The researchers’ ability to optogenetically block the formation of new habits suggests that the IL cortex not only exerts real-time control over habits and compulsions, but is also needed for habits to form in the first place.

“The previous idea was that the habits were stored in the sensorimotor system and this cortical area was just selecting the habit to be expressed. Now we think it’s a more fundamental contribution to habits, that the IL cortex is more actively making this happen,” Smith says.

This arrangement offers multiple layers of control over habitual behavior, which could be advantageous in reining in automatic behavior, Graybiel says. It is also possible that the IL cortex is contributing specific pieces of the habitual behavior, in addition to exerting control over whether it occurs, according to the researchers. They are now trying to determine whether the IL cortex and the striatum are communicating with and influencing each other, or simply acting in parallel.

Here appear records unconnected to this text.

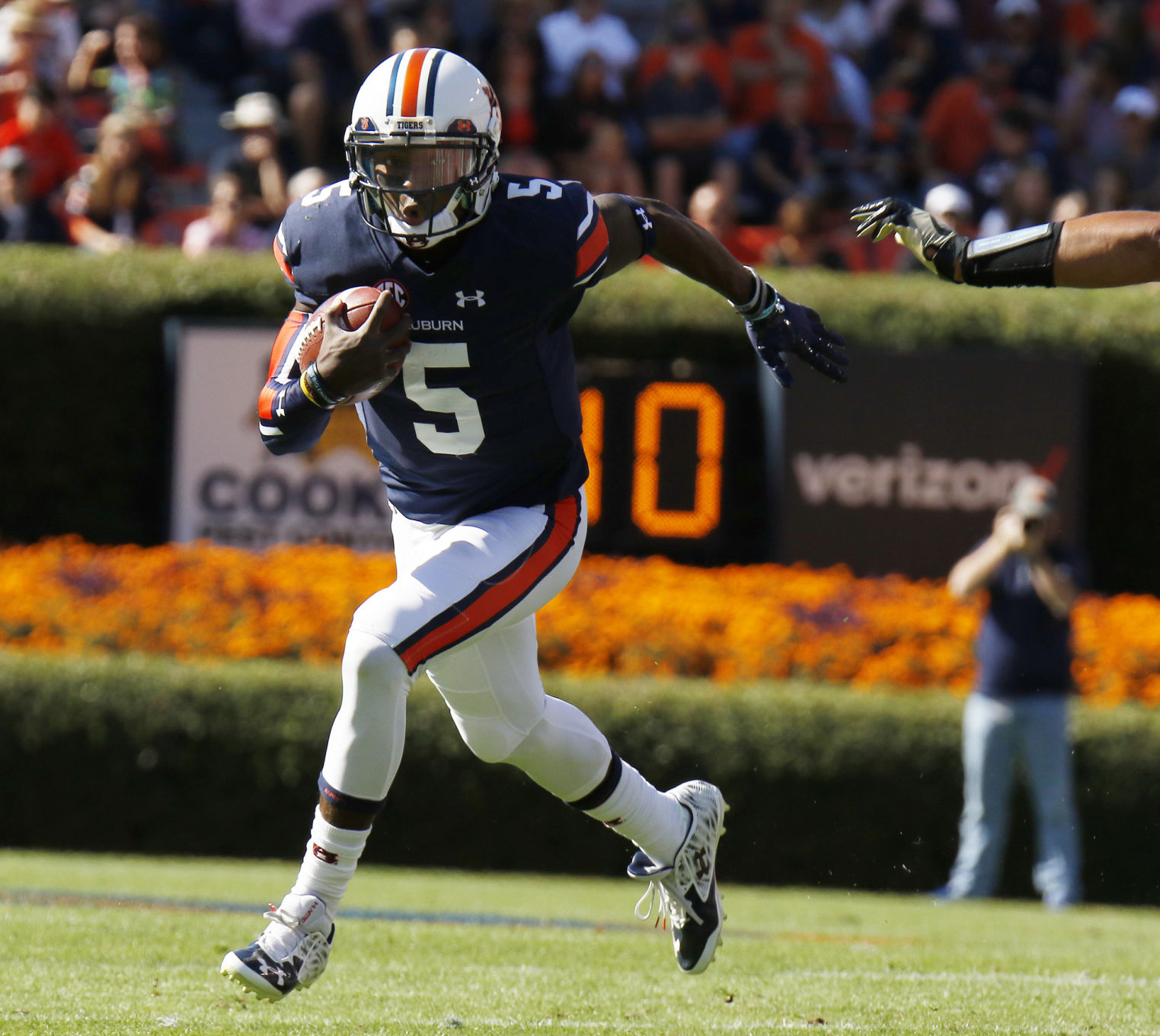 John Franklin III leaving Auburn, will play final season as grad transfer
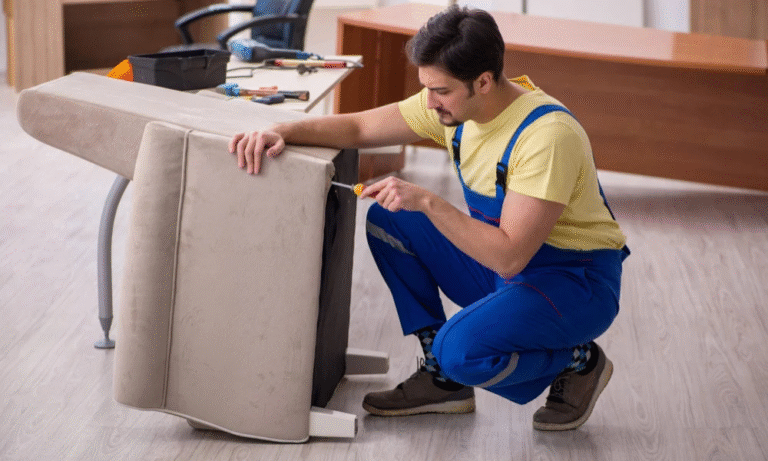 Sofa Repair Restoring Comfort and Style in Your Living Space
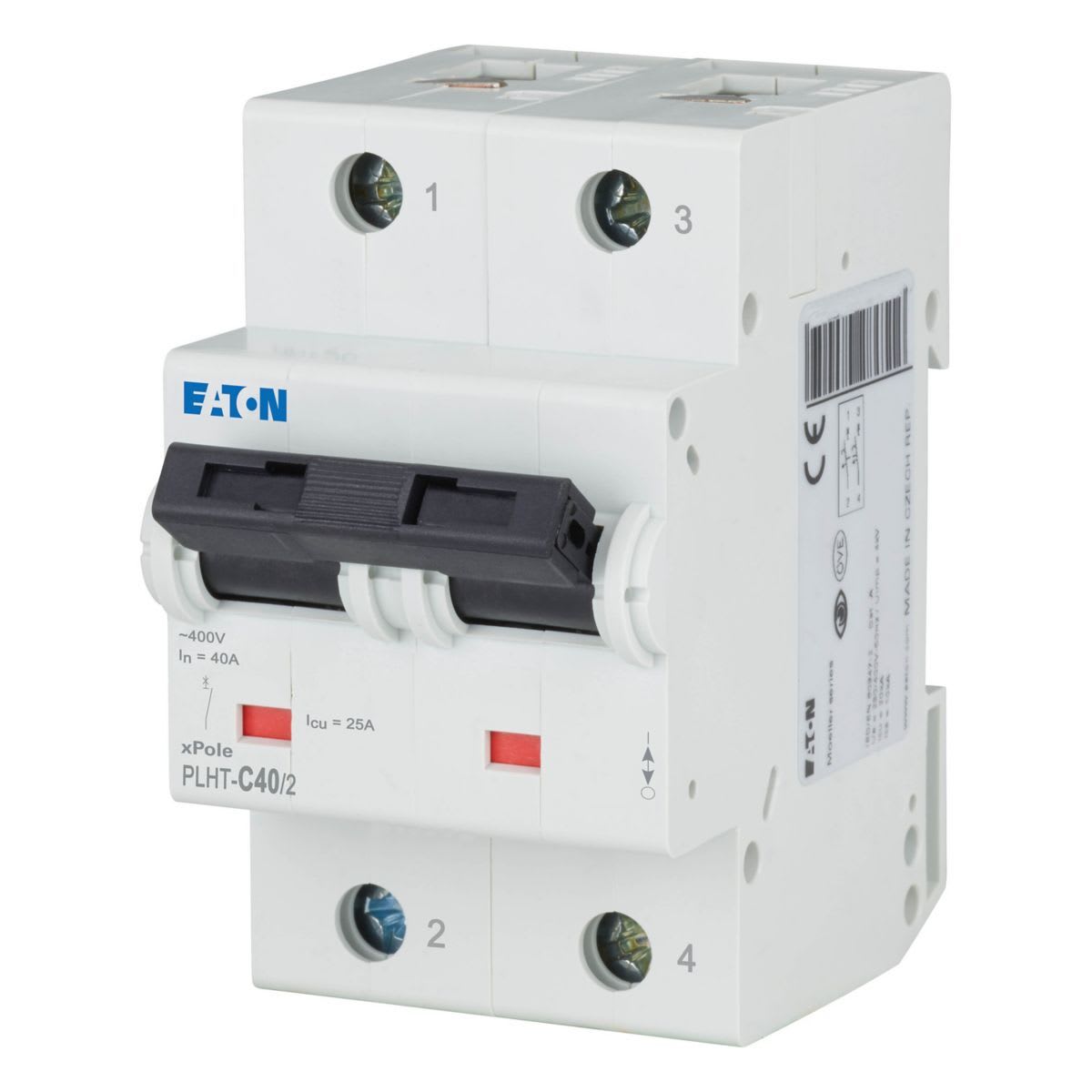 Eaton Electric - PLHT-C40/2 Elementautomat 40A 2P/C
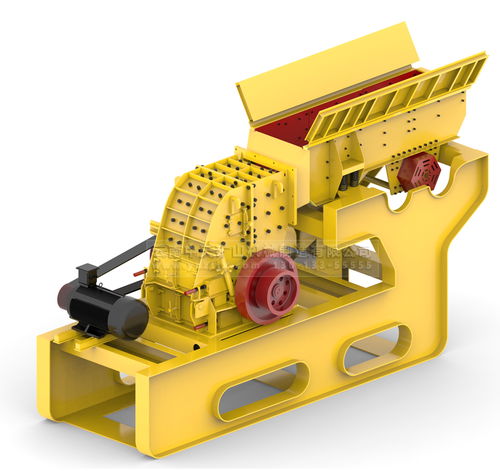 ZCF40型二合一高轉速新型反擊式破碎機 價格分析及機械制造技術解析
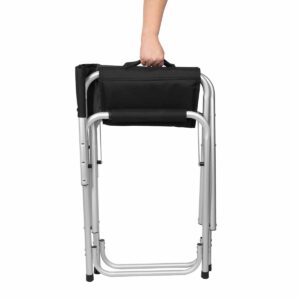 Sedia regista BRUNNER One Shot (grigio/nero)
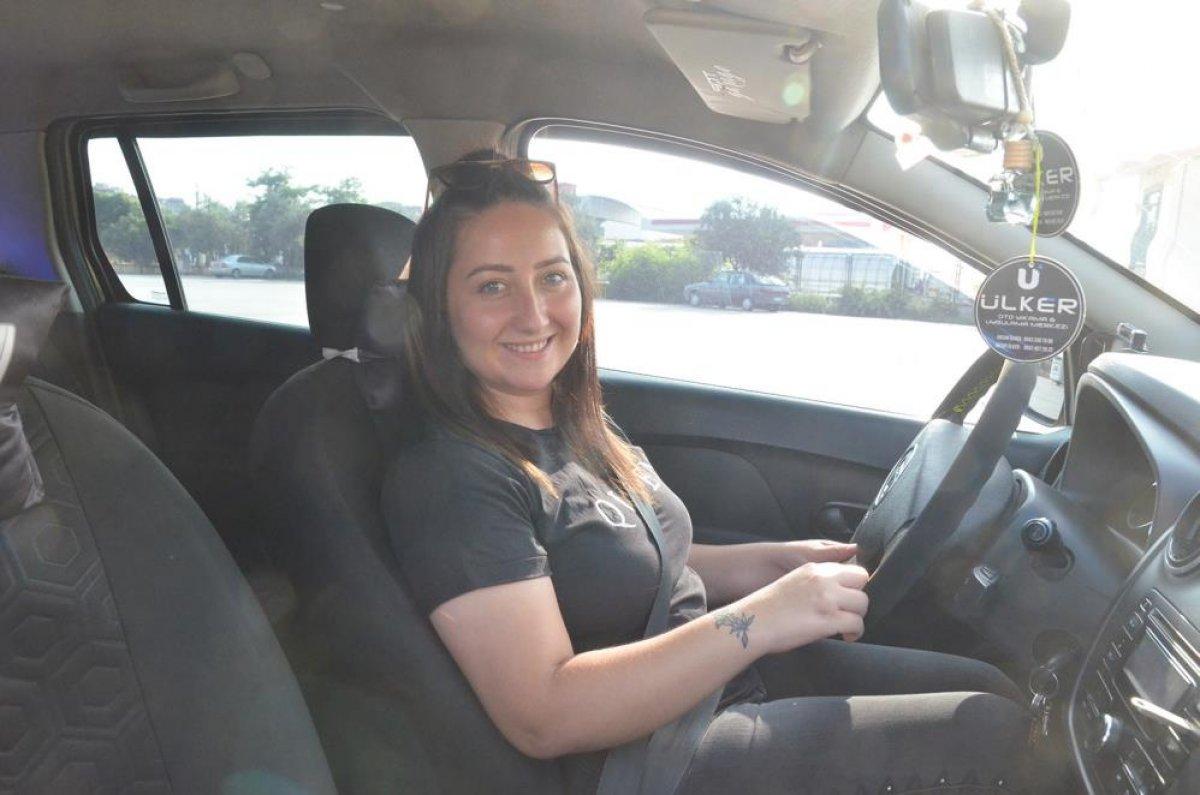 Manisa'da otomobil tutkusu nedeniyle taksici oldu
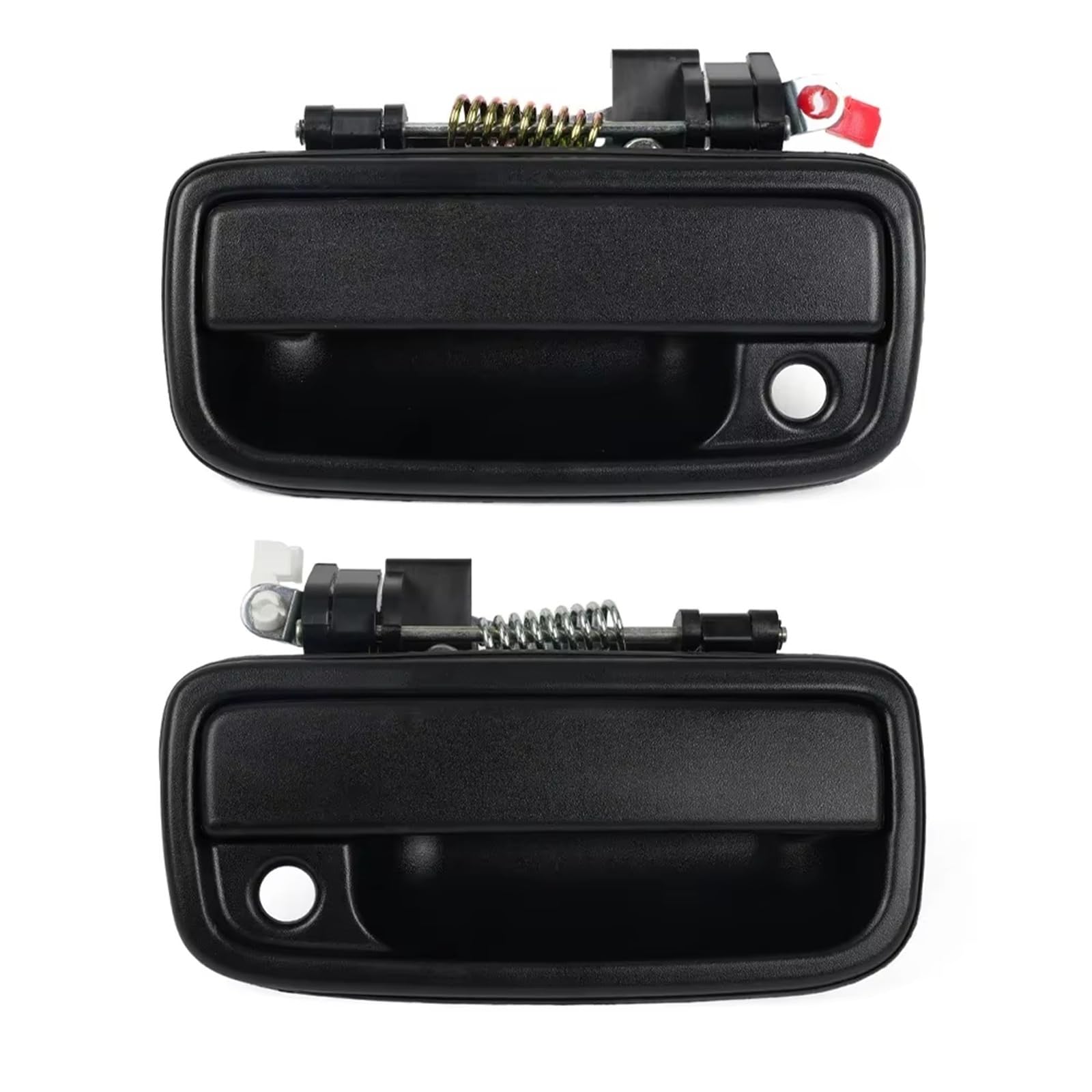 Ohkylsd Front Pair Door Handle Front Left & Right Exterior Door Handle 6922035020 For Toyota For Tacoma 1995 1996 1997 1998 1999 2000 2001 2002 2003 2004 Replacement Handles(Front Pair)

The study suggests a new way to look for abnormal activity that might cause disorders of repetitive behavior, Smith says. Now that the researchers have identified the neural signature of a normal habit, they can look for signs of habitual behavior that is learned too quickly or becomes too rigid. Finding such a signature could allow scientists to develop new ways to treat disorders of repetitive behavior by using deep brain stimulation, which uses electronic impulses delivered by a pacemaker to suppress abnormal brain activity.

The research was funded by the National Institutes of Health, the Office of Naval Research, the Stanley H. and Sheila G. Sydney Fund and funding from R. Pourian and Julia Madadi.